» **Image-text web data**
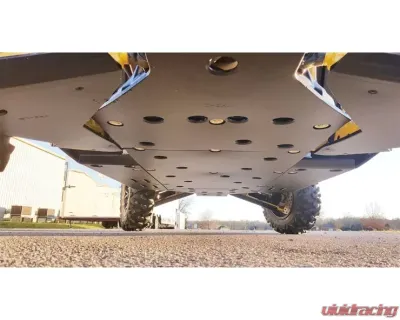 Trail Armor Full Skids with Integrated Center Yamaha YXZ 1000R 2016-2025 - TA012FULLSKID-YXZ centers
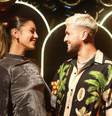Arrascaeta e a noiva, Camila Bastiani  Foto: instagram/@g10dearrascaeta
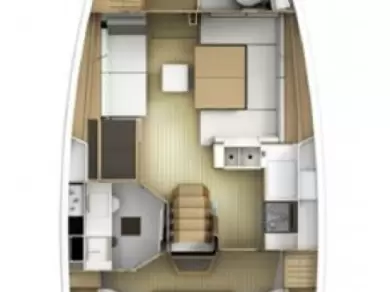 Segelboot mieten in Göcek - Jeanneau Sun Odyssey 41DS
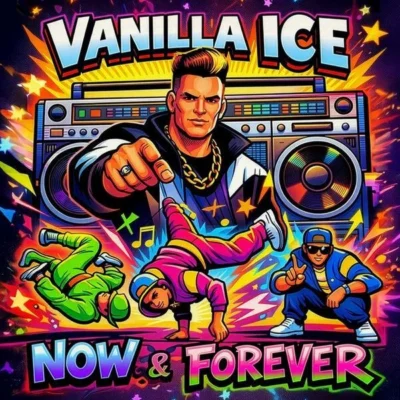 Vanilla Ice - 2026 - Now & Forever EP Vanilla Ice - Now & Forever EP (2026) Album cover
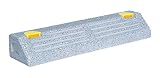 NSP-100GB アスファルトアンカー付 パーキングブロック 擬石タイプ 高100×幅160×長600mm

» **Task description**
Print once more, exactly, the lines that start at the top of the records above and end at the line with "Segelboot mieten in", skipping all pictures.

» **Completed task**
 Trail Armor Full Skids with Integrated Center Yamaha YXZ 1000R 2016-2025 - TA012FULLSKID-YXZ centers
Arrascaeta e a noiva, Camila Bastiani  Foto: instagram/@g10dearrascaeta
 Segelboot mieten in Göcek - Jeanneau Sun Odyssey 41DS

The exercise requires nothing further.